J Comput Aided Mol Des. 2016 Apr;30(4):331-45. doi: 10.1007/s10822-016-9909-0. Epub 2016 Mar 30.
Molecular biochemistry is controlled by 3D phenomena but structure-activity models based on 3D descriptors are infrequently used for large data sets because of the computational overhead for determining molecular conformations. A diverse dataset of 146 androgen receptor binders was used to investigate how different methods for defining molecular conformations affect the performance of 3D-quantitative spectral data activity relationship models. Molecular conformations tested: (1) global minimum of molecules' potential energy surface; (2) alignment-to-templates using equal electronic and steric force field contributions; (3) alignment using contributions "Best-for-Each" template; (4) non-energy optimized, non-aligned (2D > 3D). Aggregate predictions from models were compared. Highest average coefficients of determination ranged from R Test (2) = 0.56 to 0.61. The best model using 2D > 3D (imported directly from ChemSpider) produced R Test (2) = 0.61. It was superior to energy-minimized and conformation-aligned models and was achieved in only 3-7 % of the time required using the other conformation strategies. Predictions averaged from models built on different conformations achieved a consensus R Test (2) = 0.65. The best 2D > 3D model was analyzed for underlying structure-activity relationships.
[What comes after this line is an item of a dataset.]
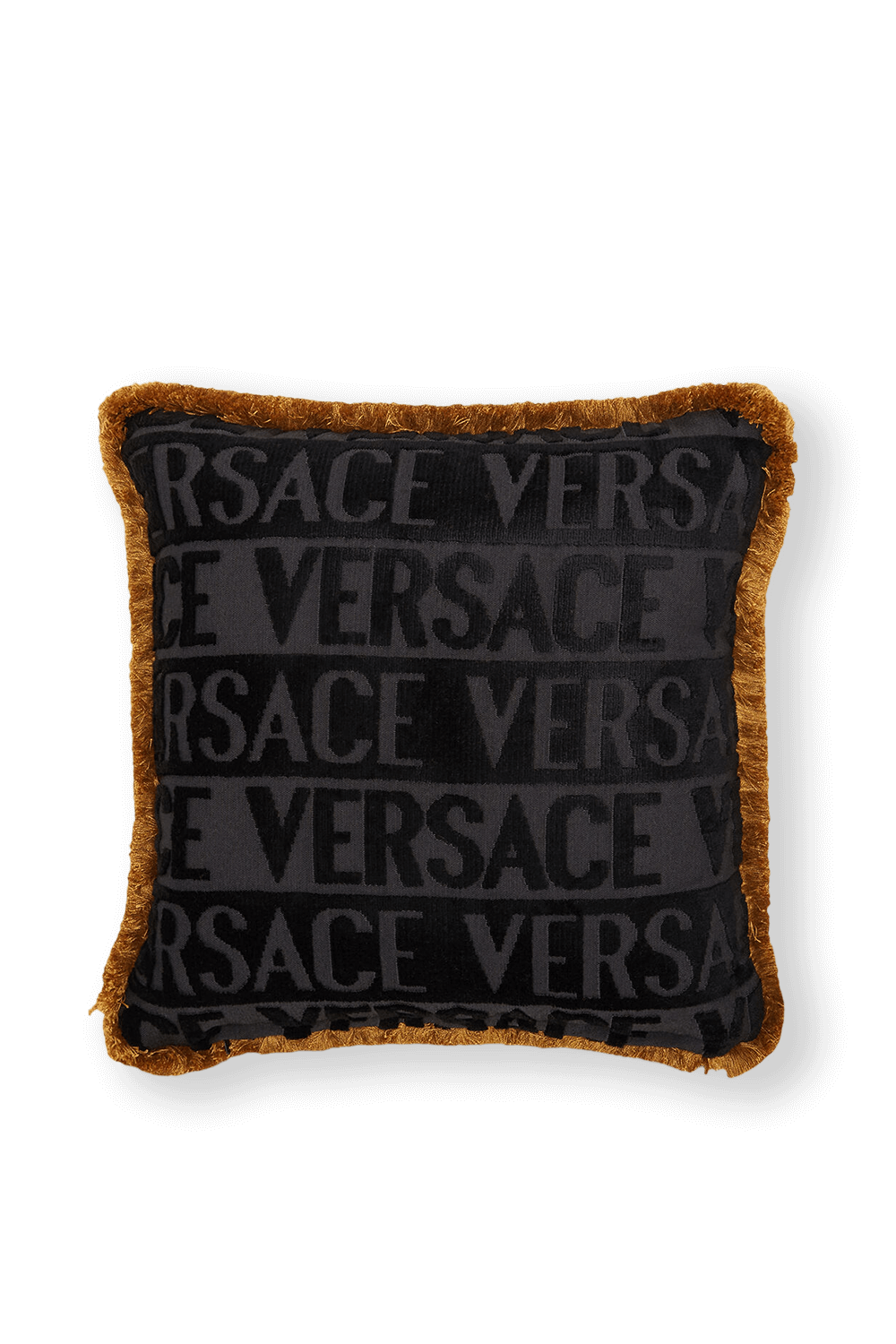 VERSACE כרית לוגומאנית שחורה עם מדוזת פייטים בזהב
For the compound strongest binding to the androgen receptor, 10 substructural features contributing to binding were flagged. Utility of 2D > 3D was compared for two other activity endpoints, each modeling a medium sized data set. Results suggested that large scale, accurate predictions using 2D > 3D SDAR descriptors may be produced for interactions involving endocrine system nuclear receptors and other data sets in which strongest activities are produced by fairly inflexible substrates.
分子生物化学受三维现象控制,但基于三维描述符的构效模型很少用于大数据集,因为确定分子构象存在计算开销。使用一个包含146种雄激素受体结合剂的多样化数据集来研究定义分子构象的不同方法如何影响三维定量光谱数据活性关系模型的性能。测试的分子构象:(1)分子势能面的全局最小值;(2)使用相等的电子和空间力场贡献与模板对齐;(3)使用“最适合每个”模板的贡献进行对齐;(4)非能量优化、未对齐(二维>三维)。比较了模型的总体预测。最高平均决定系数范围为R检验(2)=0.56至0.61。使用二维>三维(直接从ChemSpider导入)的最佳模型产生R检验(2)=0.61。它优于能量最小化和构象对齐模型,并且仅在使用其他构象策略所需时间的3%-7%内即可实现。基于不同构象构建的模型的平均预测得出共识R检验(2)=0.65。对最佳二维>三维模型进行了潜在构效关系分析。对于与雄激素受体结合最强的化合物,标记了10个有助于结合的亚结构特征。比较了二维>三维在另外两个活性终点的效用,每个终点对一个中等规模的数据集进行建模。结果表明,对于涉及内分泌系统核受体的相互作用以及其他由相当刚性的底物产生最强活性的数据集,可以使用二维>三维光谱数据活性关系描述符进行大规模、准确的预测。